It isn't "wrong" necessarily, and it isn't "completely uninformative". But it provides information that pertains to a largely unrelated question, and so is likely to be misleading. When you run a paired samples $t$-test, you are really conducting a one-sample $t$-test of whether the mean of the differences is equal to $0$. Because this is a one-sample test, a corresponding figure would have one bar showing the mean difference (with error bars).

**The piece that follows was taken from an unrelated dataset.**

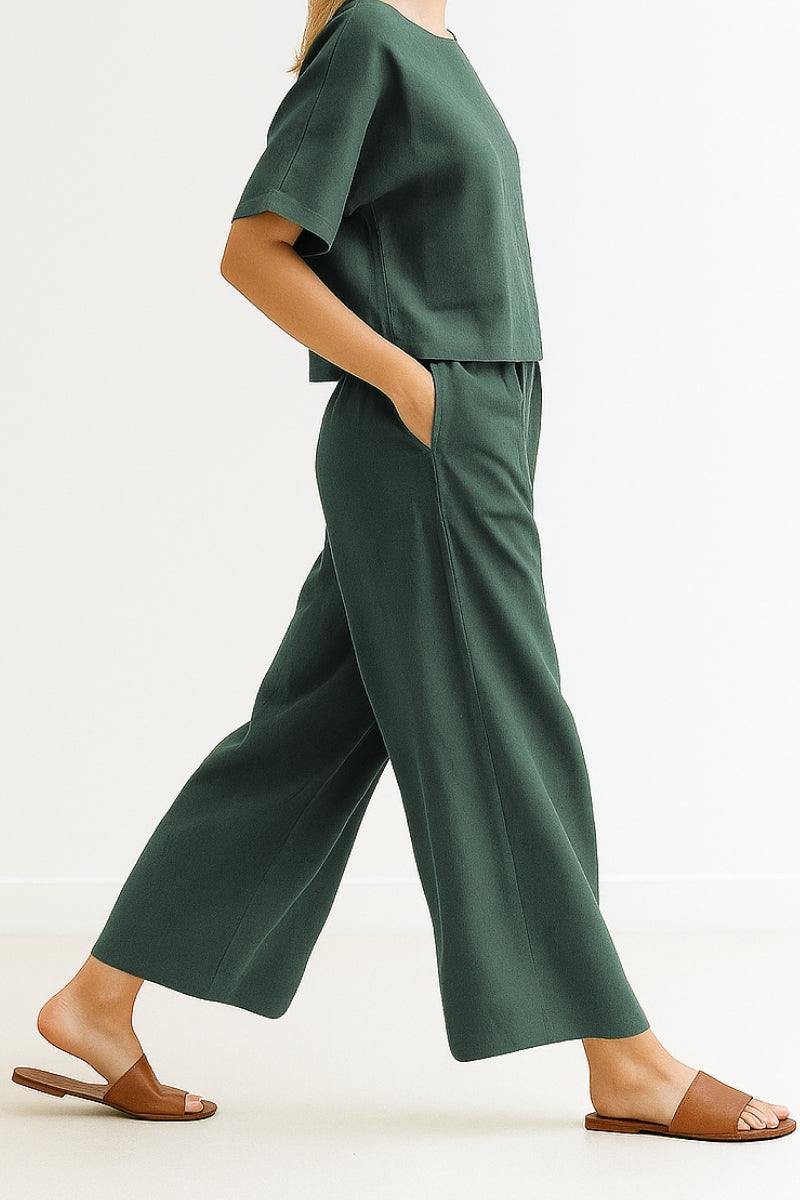 Green loose fit co-ord set with wide-leg pants and relaxed short-sleeve top, styled with brown slide sandals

To see how this could be misleading, consider these data (coded with R
):
set.seed(4868) # this makes the example exactly reproducible (if you use R)
b = c(2, 4, 6, 8)
a = b + rnorm(4, mean=.5, sd=.1)
a = round(a, digits=3)
d = data.frame(before=b, after=a, differences=a-b)
d
# before after differences
# 1 2 2.679 0.679
# 2 4 4.597 0.597
# 3 6 6.592 0.592
# 4 8 8.366 0.366
t.test(a, b, paired=T)
# Paired t-test
#
# data: a and b
# t = 8.3117, df = 3, p-value = 0.003649
# alternative hypothesis: true difference in means is not equal to 0
# 95 percent confidence interval:
# 0.3446575 0.7723425
# sample estimates:
# mean of the differences
# 0.5585
The $t$-test is highly significant. However, what impression would people get if you plotted the bars on the left vs. the bar on the right?